This is a helper function, which will come in handy during inference. This function returns a mapping from n-grams to their frequency in the dataset.

In [25]:
def count_n_grams(data, n, start_token = "<s>", end_token = "<e>") -> 'dict':

  # Empty dict for n-grams
  n_grams = {}

  # Iterate over all sentences in the dataset
  for sentence in data:

    # Append n start tokens and a single end token to the sentence
    sentence = [start_token]*n + sentence + [end_token]

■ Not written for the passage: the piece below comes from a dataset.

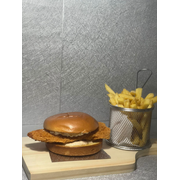 COMBO PREMIUM PRA DOIS: SAHARA PRA DOIS CHESSE CHICKEN - COMBO PREMIUM PRA DOIS (Ingredientes: 2 batatas pequenas, 2 chesse chicken, 2 cocas latas)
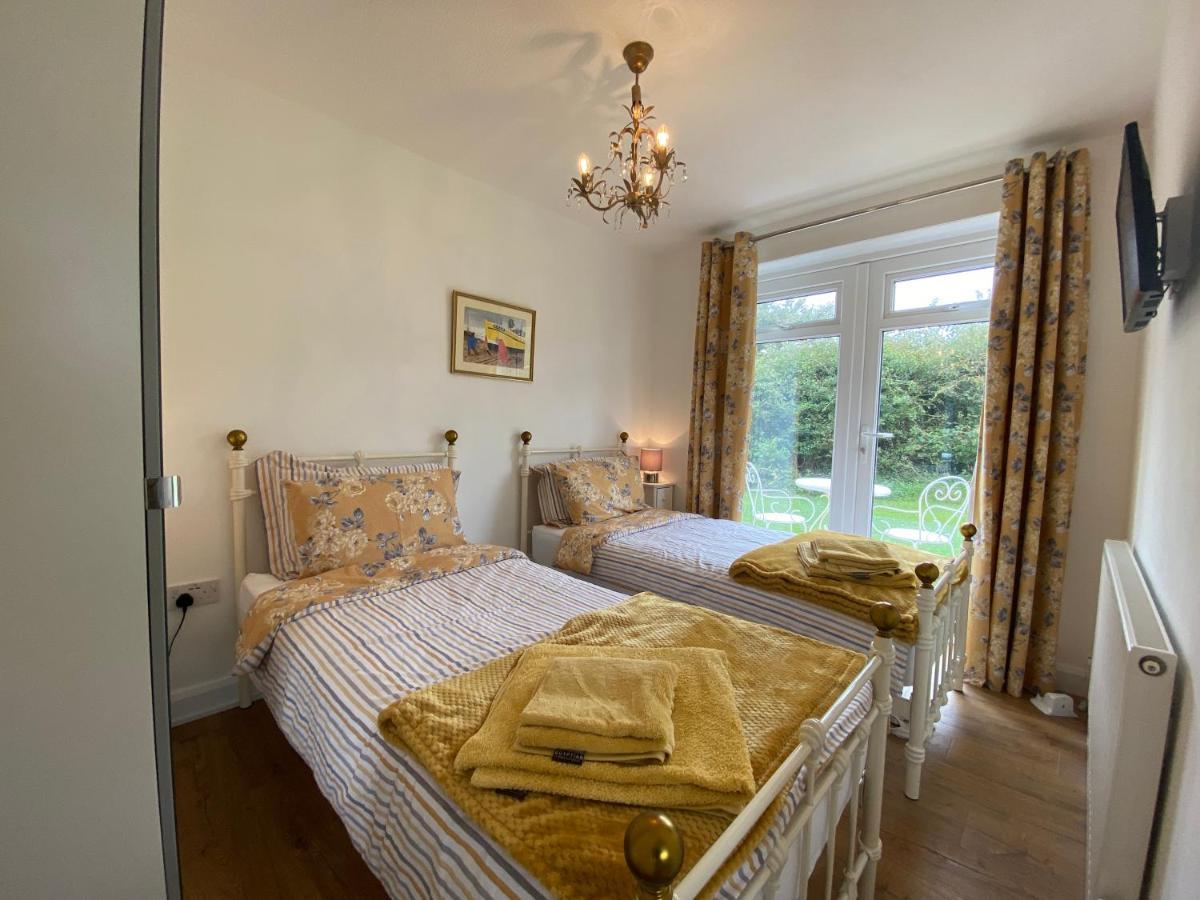 Seaview Self-Catering Coastal Bungalow In Rural West Wight Freshwater Esterno foto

    # Convert the sentence into a tuple
    sentence = tuple(sentence)

    # Temp var to store length from start of n-gram to end
    m = len(sentence) if n==1 else len(sentence)-1

    # Iterate over this length
    for i in range(m):

      # Get the n-gram
      n_gram = sentence[i:i+n]

      # Add the count of n-gram as value to our dictionary
      # IF n-gram is already present
      if n_gram in n_grams.keys():
        n_grams[n_gram] += 1
      # Add n-gram count
      else:
        n_grams[n_gram] = 1

  return n_grams

This function calculates the priority for the next word given the prior n-gram. This function also implements k-smoothing which helps account for unseen n-grams. Using the previously defined formula:


$$\large
P(w_n|w_{n−N+1:n−1}) = \frac{C(w_{n−N+1:n−1}w_n)}{C(w_{n−N+1:n−1})}
$$

---

### K-smoothing

But what if we come across a n-gram that wasn't in the training set. Then our denominator would would become zero and our definition of probability will become invalid. Thus, we use k-smoothing, which adds a positive constant $k$ to each numerator and $k \times |V|$ in the denominator, where $|V|$ is the number of words in the vocabulary. This ensures any n-gram with zero count has the same probability of $\frac{1}{|V|}$. Thus, our original estimation get's modified to:

$$\large
P(w_n|w_{n−N+1:n−1}) = \frac{C(w_{n−N+1:n−1}w_n) + k}{C(w_{n−N+1:n−1} + k |V|)}
$$

In [26]:
def prob_for_single_word(word, previous_n_gram, n_gram_counts, nplus1_gram_counts, vocabulary_size, k = 1.0) -> 'float':

  # Convert the previous_n_gram into a tuple
  previous_n_gram = tuple(previous_n_gram)

  # Calculating the count, if exists from our freq dictionary otherwise zero
  previous_n_gram_count = n_gram_counts[previous_n_gram] if previous_n_gram in n_gram_counts else 0

  # The Denominator
  denom = previous_n_gram_count + k * vocabulary_size

  # previous n-gram plus the current word as a tuple
  nplus1_gram = previous_n_gram + (word,)

  # Calculating the nplus1 count, if exists from our freq dictionary otherwise zero
  nplus1_gram_count = nplus1_gram_counts[nplus1_gram] if nplus1_gram in nplus1_gram_counts else 0

  # Numerator
  num = nplus1_gram_count + k

  # Final Fraction
  prob = num / denom
  return prob

In [27]:
def prob_for_single_word(word, previous_n_gram, n_gram_counts, nplus1_gram_counts, vocabulary_size, k = 1.0) -> 'float':

  previous_n_gram = tuple(previous_n_gram)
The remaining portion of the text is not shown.